Output the span of lines from the one that contains "데비안 배포판을 사용할 때 최신 패키지를 얻을 수 있는 방법이 있나요?" through the end of the records, inclusive, exactly as written and free of pictures.

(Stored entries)

^^^^

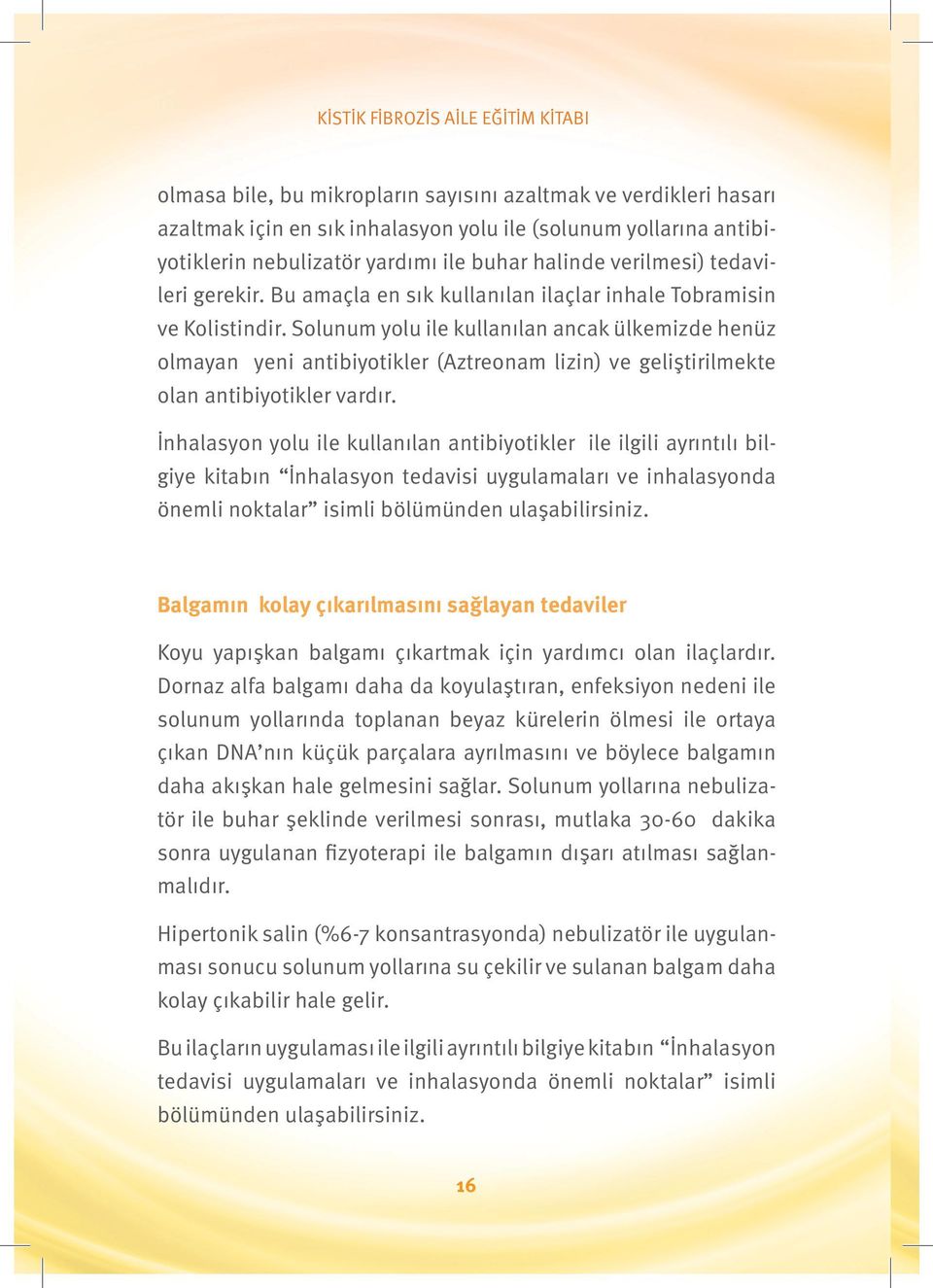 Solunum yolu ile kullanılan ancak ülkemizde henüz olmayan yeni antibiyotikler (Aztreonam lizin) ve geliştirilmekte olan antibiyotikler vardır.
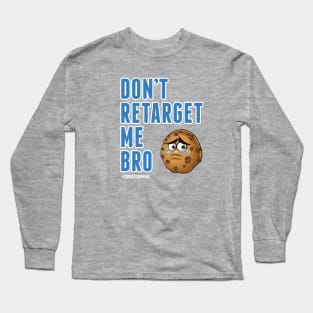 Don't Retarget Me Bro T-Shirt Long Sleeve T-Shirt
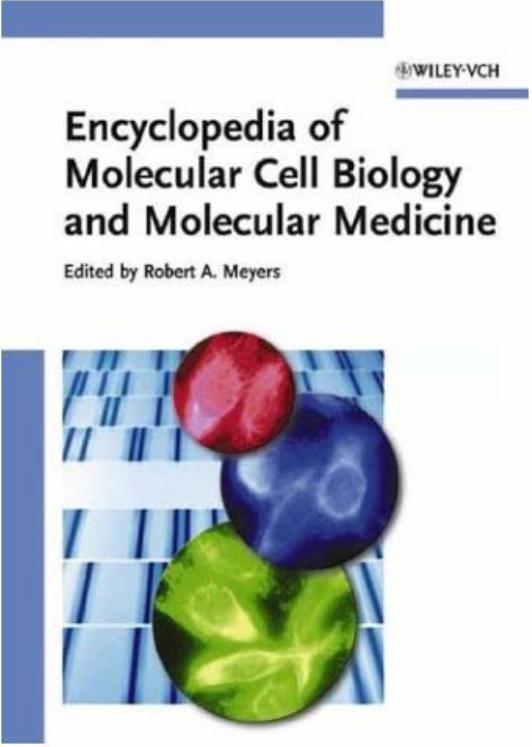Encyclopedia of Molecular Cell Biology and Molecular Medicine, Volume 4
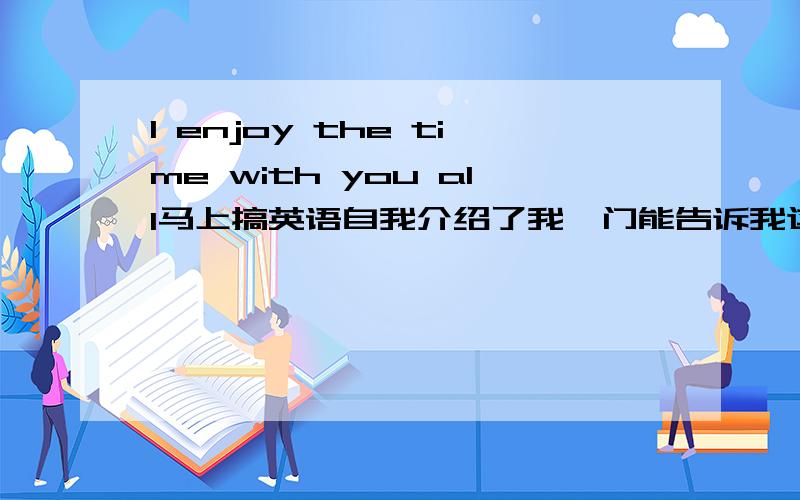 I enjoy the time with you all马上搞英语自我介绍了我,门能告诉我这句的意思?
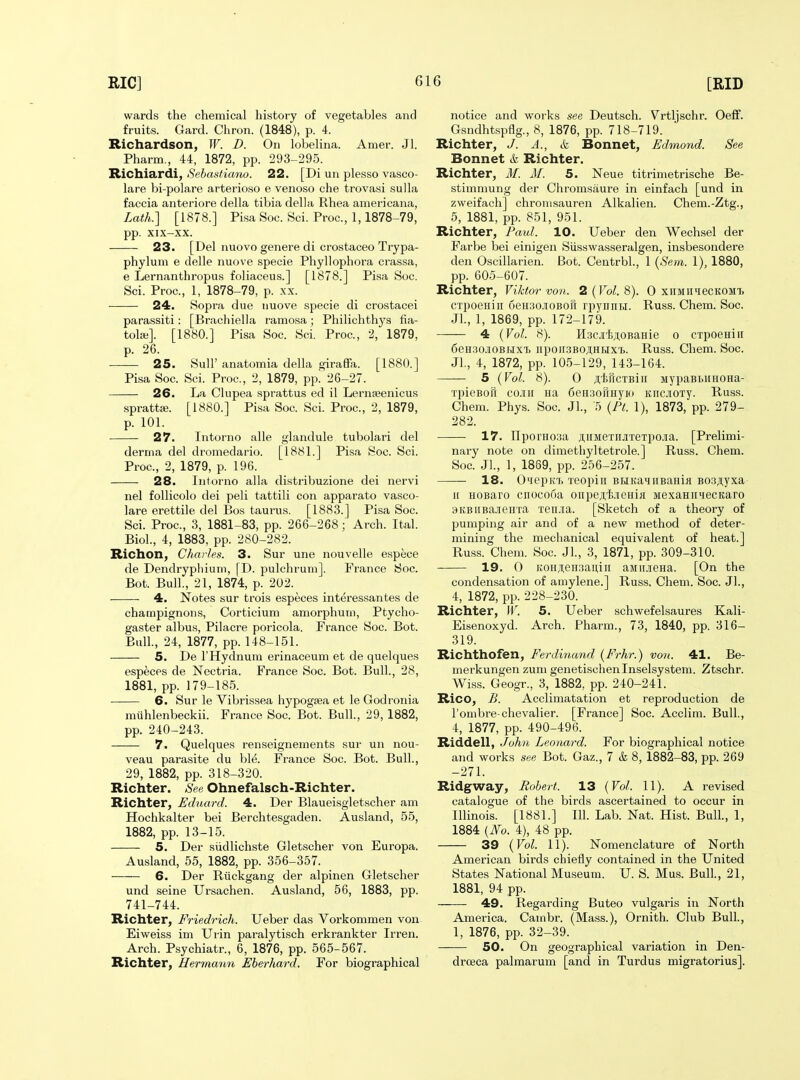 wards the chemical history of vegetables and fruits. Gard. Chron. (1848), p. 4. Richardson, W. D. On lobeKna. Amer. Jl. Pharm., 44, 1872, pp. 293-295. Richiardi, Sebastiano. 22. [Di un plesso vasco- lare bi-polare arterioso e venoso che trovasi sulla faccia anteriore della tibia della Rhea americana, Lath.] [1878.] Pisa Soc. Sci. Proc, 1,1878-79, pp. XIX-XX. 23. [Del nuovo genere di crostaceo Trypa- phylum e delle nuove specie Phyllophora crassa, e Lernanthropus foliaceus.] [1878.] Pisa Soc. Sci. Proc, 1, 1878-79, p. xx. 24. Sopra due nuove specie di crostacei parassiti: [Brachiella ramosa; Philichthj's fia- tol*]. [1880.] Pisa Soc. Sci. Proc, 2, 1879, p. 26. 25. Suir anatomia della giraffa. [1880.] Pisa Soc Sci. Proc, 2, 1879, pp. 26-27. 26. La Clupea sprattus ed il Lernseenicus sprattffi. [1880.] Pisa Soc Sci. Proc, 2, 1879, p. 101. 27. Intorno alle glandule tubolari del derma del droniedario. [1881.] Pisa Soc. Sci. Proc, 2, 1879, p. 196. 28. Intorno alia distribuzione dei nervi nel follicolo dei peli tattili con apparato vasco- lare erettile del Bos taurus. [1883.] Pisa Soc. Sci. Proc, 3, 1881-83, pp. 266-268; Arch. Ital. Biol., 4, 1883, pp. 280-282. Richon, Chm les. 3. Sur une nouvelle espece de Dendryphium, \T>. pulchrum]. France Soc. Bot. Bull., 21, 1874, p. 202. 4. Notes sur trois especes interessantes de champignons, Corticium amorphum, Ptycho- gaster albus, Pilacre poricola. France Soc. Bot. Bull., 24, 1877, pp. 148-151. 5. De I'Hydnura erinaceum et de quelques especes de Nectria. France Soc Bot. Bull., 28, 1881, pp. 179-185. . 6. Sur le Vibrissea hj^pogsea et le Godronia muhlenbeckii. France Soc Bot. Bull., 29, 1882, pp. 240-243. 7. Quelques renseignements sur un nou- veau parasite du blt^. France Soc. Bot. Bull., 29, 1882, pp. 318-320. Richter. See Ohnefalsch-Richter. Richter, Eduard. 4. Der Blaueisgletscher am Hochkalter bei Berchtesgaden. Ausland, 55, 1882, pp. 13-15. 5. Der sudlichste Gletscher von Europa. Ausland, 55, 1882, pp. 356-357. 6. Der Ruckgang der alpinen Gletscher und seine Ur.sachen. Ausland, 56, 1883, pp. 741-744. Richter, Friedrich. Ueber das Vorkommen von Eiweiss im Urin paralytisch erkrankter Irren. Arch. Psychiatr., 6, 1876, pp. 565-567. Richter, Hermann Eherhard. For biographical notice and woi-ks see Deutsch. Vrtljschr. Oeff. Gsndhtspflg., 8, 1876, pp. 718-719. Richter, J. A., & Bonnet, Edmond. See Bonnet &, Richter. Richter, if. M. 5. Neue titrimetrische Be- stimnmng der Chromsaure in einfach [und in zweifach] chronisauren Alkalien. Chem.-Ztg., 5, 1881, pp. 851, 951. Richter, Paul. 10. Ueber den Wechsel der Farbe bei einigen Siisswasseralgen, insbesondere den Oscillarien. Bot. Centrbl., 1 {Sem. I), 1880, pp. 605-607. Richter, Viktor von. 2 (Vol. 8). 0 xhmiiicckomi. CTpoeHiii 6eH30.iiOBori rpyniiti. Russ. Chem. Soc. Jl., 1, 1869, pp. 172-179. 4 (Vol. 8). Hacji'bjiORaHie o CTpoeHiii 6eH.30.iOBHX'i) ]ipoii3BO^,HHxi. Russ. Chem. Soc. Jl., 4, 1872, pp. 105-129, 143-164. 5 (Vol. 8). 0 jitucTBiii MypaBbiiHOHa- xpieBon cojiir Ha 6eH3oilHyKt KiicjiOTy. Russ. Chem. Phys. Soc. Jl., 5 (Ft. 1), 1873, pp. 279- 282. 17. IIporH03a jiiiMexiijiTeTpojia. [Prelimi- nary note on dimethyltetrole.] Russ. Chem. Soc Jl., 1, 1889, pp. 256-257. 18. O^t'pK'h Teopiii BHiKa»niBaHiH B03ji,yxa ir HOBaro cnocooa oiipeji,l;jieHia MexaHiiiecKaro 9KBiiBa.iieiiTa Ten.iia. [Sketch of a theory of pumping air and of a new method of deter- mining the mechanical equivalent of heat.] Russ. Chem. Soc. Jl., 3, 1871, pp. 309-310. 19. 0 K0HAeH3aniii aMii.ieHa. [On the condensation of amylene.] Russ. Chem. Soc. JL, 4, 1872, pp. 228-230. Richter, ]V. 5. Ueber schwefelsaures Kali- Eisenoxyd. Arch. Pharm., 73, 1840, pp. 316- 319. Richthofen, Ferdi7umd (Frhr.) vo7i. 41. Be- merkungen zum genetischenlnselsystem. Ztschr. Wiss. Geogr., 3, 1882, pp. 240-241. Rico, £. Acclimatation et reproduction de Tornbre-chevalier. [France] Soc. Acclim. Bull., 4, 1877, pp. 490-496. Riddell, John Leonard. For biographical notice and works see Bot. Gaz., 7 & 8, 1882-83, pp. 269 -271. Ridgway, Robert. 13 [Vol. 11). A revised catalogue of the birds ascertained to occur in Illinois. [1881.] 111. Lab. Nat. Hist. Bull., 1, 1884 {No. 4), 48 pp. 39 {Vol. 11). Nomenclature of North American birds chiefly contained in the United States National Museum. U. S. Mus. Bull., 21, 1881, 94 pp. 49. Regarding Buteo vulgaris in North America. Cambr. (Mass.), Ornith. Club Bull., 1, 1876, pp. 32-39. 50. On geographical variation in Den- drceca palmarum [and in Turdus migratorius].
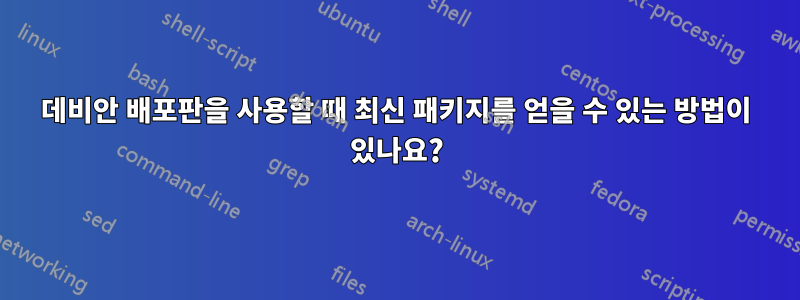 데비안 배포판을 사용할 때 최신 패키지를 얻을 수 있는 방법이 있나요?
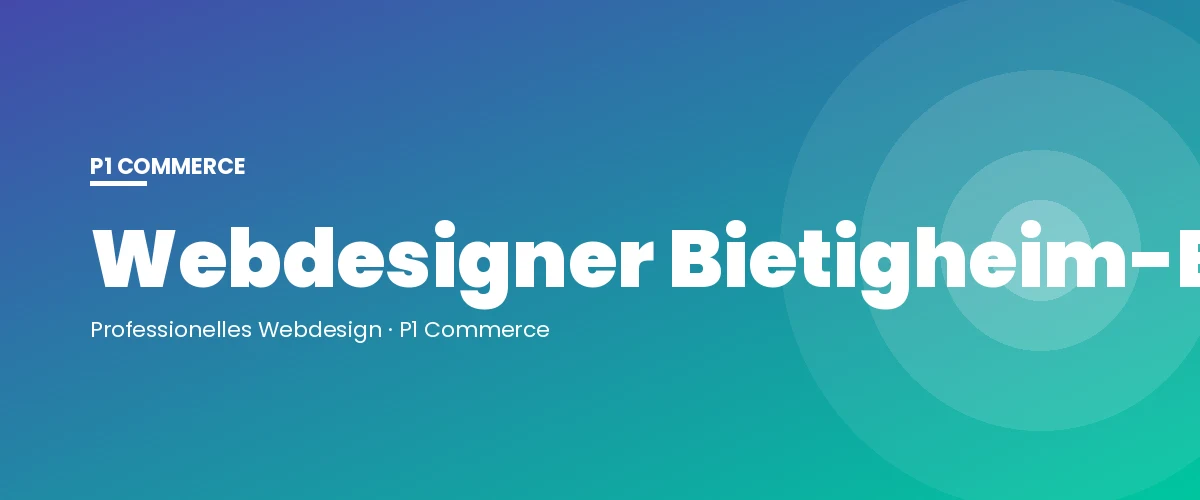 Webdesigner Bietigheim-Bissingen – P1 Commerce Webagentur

^^^^

Finished task:
 데비안 배포판을 사용할 때 최신 패키지를 얻을 수 있는 방법이 있나요?
 Webdesigner Bietigheim-Bissingen – P1 Commerce Webagentur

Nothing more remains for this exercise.